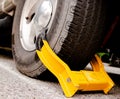 Dramatic car tire with yellow boot Royalty Free Stock Photo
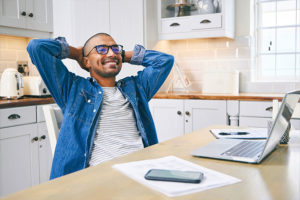 Relaxed man holding his hands behind his head in front of his laptop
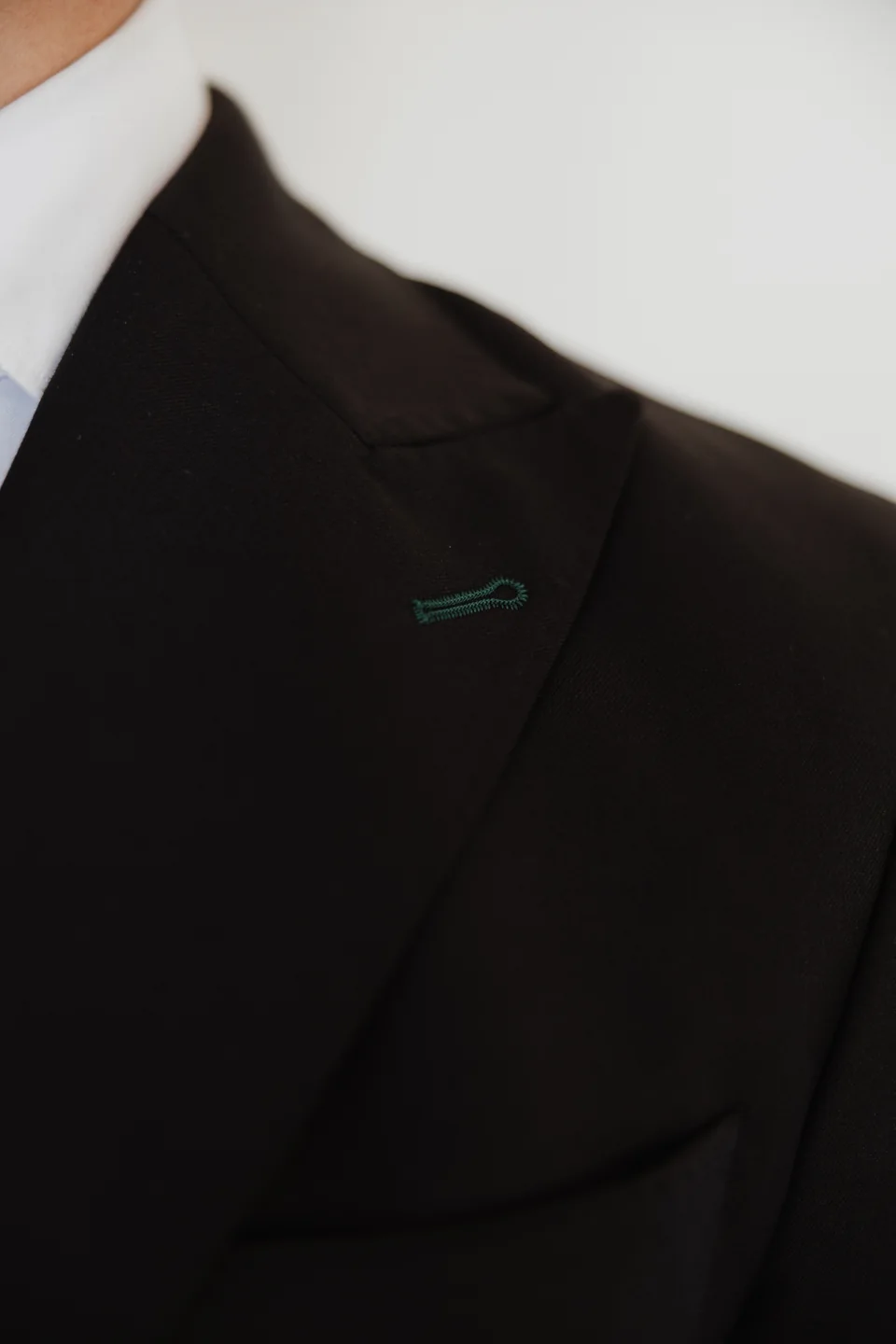 Dark jacket lapel and buttonhole detail.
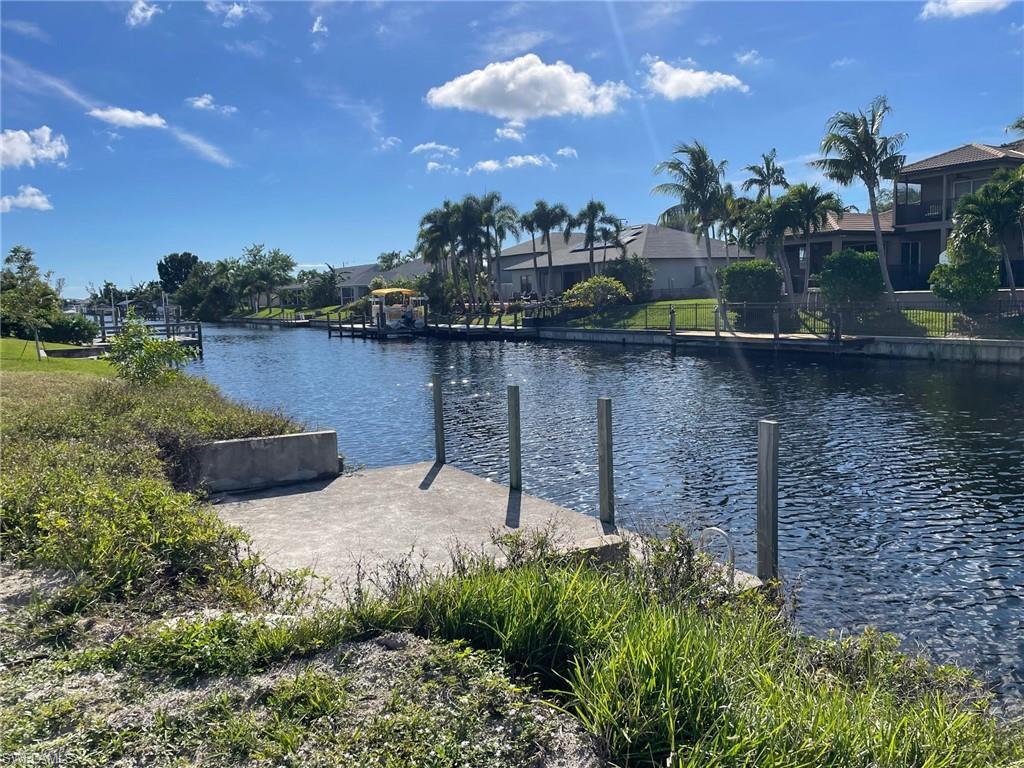 Image 3: Water view with a boat dock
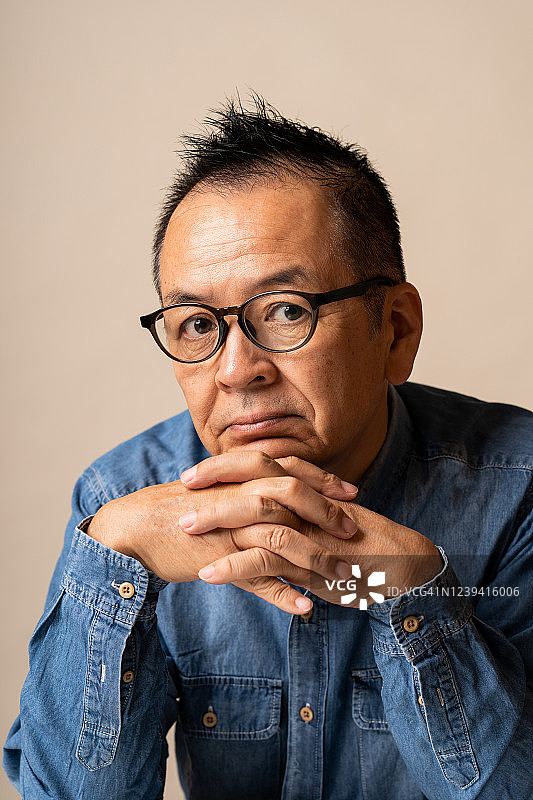 留着柔软莫霍克发型的日本老年男人影棚肖像图片素材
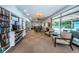Relaxing community room with book shelves, a dining area, and views overlooking the pool at 2212 Portside Psge, Palm Harbor, FL 34685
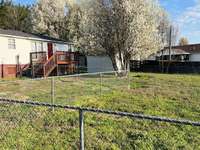 Great back yard with fence.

□ □ □ □ □ □ □

_Task to carry out_
Ignoring the pictures, write out word for word only the lines from the one containing "Dark jacket lapel and buttonhole detail." through the last line of the data, both ends included.

_Your solution_
 Dark jacket lapel and buttonhole detail.
 Image 3: Water view with a boat dock
 留着柔软莫霍克发型的日本老年男人影棚肖像图片素材
Relaxing community room with book shelves, a dining area, and views overlooking the pool at 2212 Portside Psge, Palm Harbor, FL 34685
 Great back yard with fence.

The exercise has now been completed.